Browse Exhibits (2 total)
“I am 100% committed to integration: but I am also 100% against forced busing. And, believe it or not, that’s a perfectly consistent position.”[i]
Congressman John Joseph “Joe” Moakley (1927-2001) represented Massachusetts’ Ninth Congressional District in the United States House of Representatives from 1973 until his death in 2001. Born and raised in South Boston, his district included his own neighborhood, as well as many other areas of Boston and several suburban cities and towns. “Joe” was dedicated to his constituents and to doing right by them, and he appreciated his tight-knit community of South Boston, where everyone knew everyone and parents sent their kids down the street to their neighborhood school. This mentality is what fueled his opposition to forced busing as a means of desegregating the Boston Public Schools; he saw the impact of forced busing on these traditional neighborhood dynamics, and this frustrated him. At the same time, though, he abhorred the racial violence that resulted and was vocal in his condemnation of it.
This exhibit will chronicle forced busing in Boston through the lens of Moakley’s efforts to stop it. It begins with a biographical sketch to summarize Congressman Moakley's life and career. Then, through narrative text and primary source documents, it will reveal the nuanced perspective of an elected official who believed strongly in equal educational opportunities for all of his constituents, but who could not allow forced busing to destroy the city (and neighborhoods) that he loved. It will also showcase the opinions of Moakley's constituents, community groups, and other local elected officials who wrote to Moakley to share these opinions. Finally, it will link to transcripts of oral history interviews with Moakley himself and with family, friends, and colleagues; these transcripts will provide insight into Moakley's character and personality.
The primary source materials in this exhibit have been collected from the John Joseph Moakley Archive and Institute at Suffolk University, the repository that was created upon Moakley's donation of his papers shortly before his death in 2001. The documents are arranged topically in five categories: legislative files, constituent correspondence, community group interactions, political correspondence, and oral history interview transcripts, with selected related documents interfiled within these categories.
[i] Moakley, John Joseph, “Testimony of Joe Moakley at the Jaffe Hearings,” Subtle & Stark Divisions: A Collaborative History of Segregation in Boston, accessed May 5, 2015, http://bosdesca.omeka.net/admin/items/show/325.
Mandatory school desegregation in Boston precipitated a wave of activism, advocacy, and debate by religious institutions and their constituents. Whether outraged or delighted by the implications of busing in public schools, individuals often understood and expressed their positions through the lens of their faith. Some believed desegregation to be an issue of justice, and thus in keeping with Biblical teachings.

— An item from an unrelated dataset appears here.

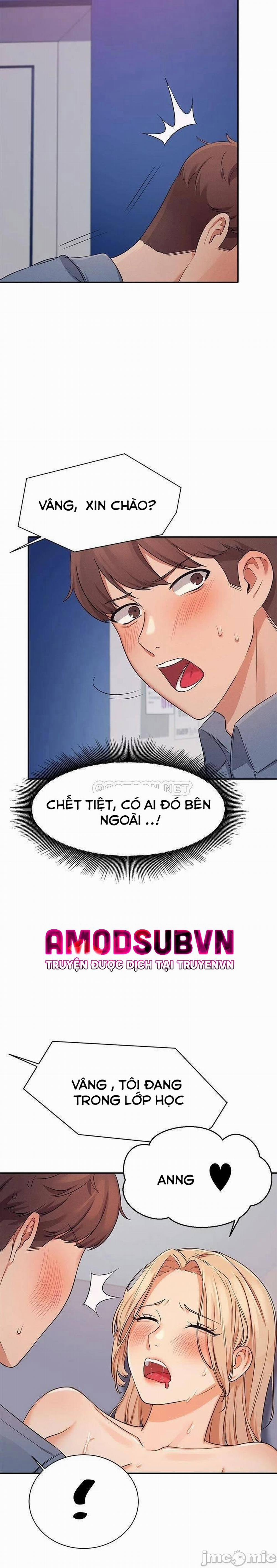 Where Is Goddess – Nữ Thần Đâu Rồi? 7 trang 22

Others considered the "forced busing" of white children to be evil and abusive, invoking faith-based opposition to what they considered an anti-Christian social movement. Regardless of their support or disapproval of busing, people employed a multiplicity of religious interpretations to support their stance.
People from within and beyond Boston addressed these various religious perspectives in their writings to local officials. Often, they wrote to express their views on the morality of busing. In other cases, church officials wrote to invite city or state leaders to events or political rallies relevant to their cause. Collectively, religious sentiments in public records speak to the existence of an active and passionate response to school desegregation by Christians throughout the Boston area and the greater United States.
This exhibit examines the ways in which Catholics and Protestants approached the issue of mandatory busing vis-à-vis the role of government. The three pages collectively showcase documents sent to and from Judge W. Arthur Garrity, Mayor Kevin White, and Councilwoman Louise Day Hicks that in some way address the role of church or religion during the crisis. Prayers for Justice and Peace contains letters, invitations, and cards sent to Judge Garrity in response to his decision to desegregate Boston's schools in Morgan v. Hennigan. "God Is Giving You a Chance" catalogs letters of religious support for desegregation sent to Louise Day Hicks and Mayor White. Finally, "Joan of Arc of Boston" shares correspondence of Louise Day Hicks regard-ing faith, church, and her anti-busing coalition, R.O.A.R.
Selected materials represent a large geographic range of correspondence; some were sent from Boston, while others originated as far away as San Francisco (see the Geographic Distribution Map for a spatial visualization). The collection is limited to the years 1973-1975, which saw the height of responses to busing. Names and other identifying information have been redacted from all documents to protect the privacy of their authors or recipients.